[[ Provided information, beginning ]]
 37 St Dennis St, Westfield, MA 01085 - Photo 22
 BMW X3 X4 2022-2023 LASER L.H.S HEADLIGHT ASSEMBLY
[[ Provided information, end ]]
[[ Provided information, beginning ]]
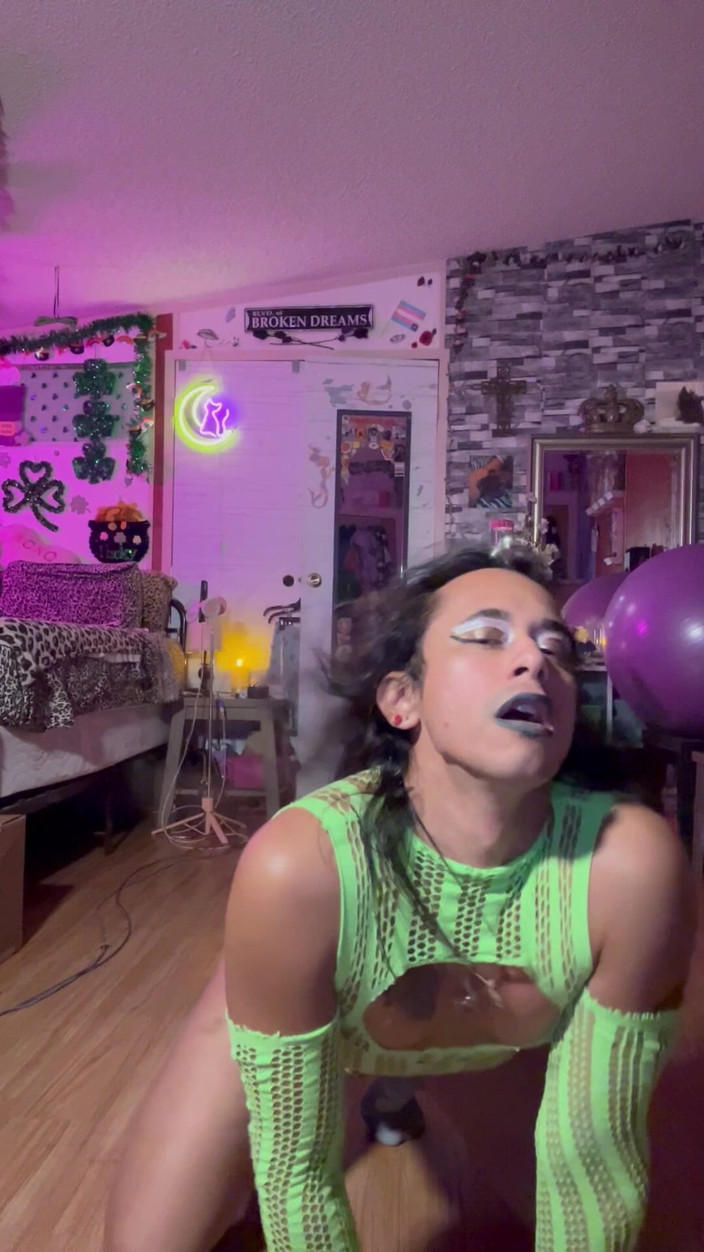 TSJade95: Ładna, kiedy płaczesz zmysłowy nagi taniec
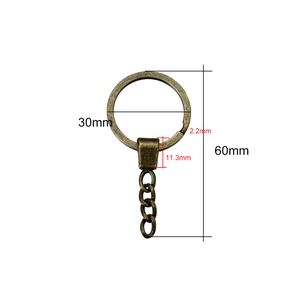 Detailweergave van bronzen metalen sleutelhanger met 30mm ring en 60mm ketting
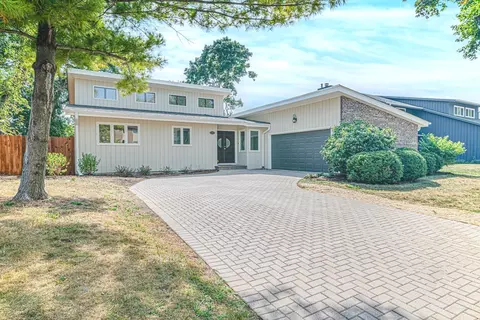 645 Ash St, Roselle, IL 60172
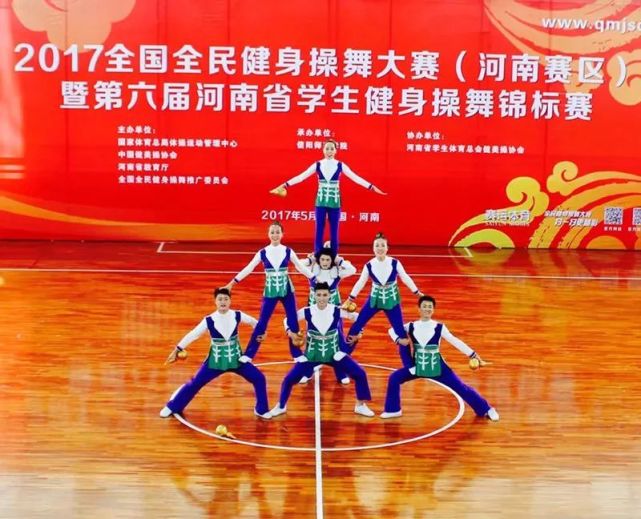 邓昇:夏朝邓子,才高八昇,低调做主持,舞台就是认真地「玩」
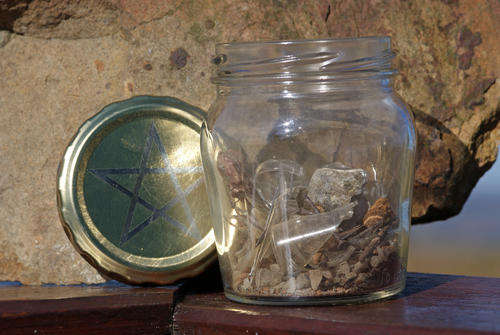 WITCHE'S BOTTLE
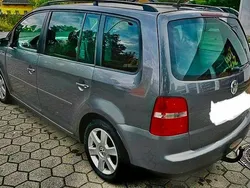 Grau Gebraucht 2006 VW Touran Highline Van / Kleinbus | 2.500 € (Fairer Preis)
[[ Provided information, end ]]
[[ Provided information, beginning ]]
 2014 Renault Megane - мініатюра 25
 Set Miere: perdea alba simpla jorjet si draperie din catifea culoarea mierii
[[ Provided information, end ]]
-- What to work on --
Using the data above, copy exactly the lines from the one containing "邓昇:夏朝邓子,才高八昇,低调做主持,舞台就是认真地「玩」" to the one containing "Grau Gebraucht 2006", inclusive. Exclude the pictures.

-- The answer --
 邓昇:夏朝邓子,才高八昇,低调做主持,舞台就是认真地「玩」
 WITCHE'S BOTTLE
 Grau Gebraucht 2006 VW Touran Highline Van / Kleinbus | 2.500 € (Fairer Preis)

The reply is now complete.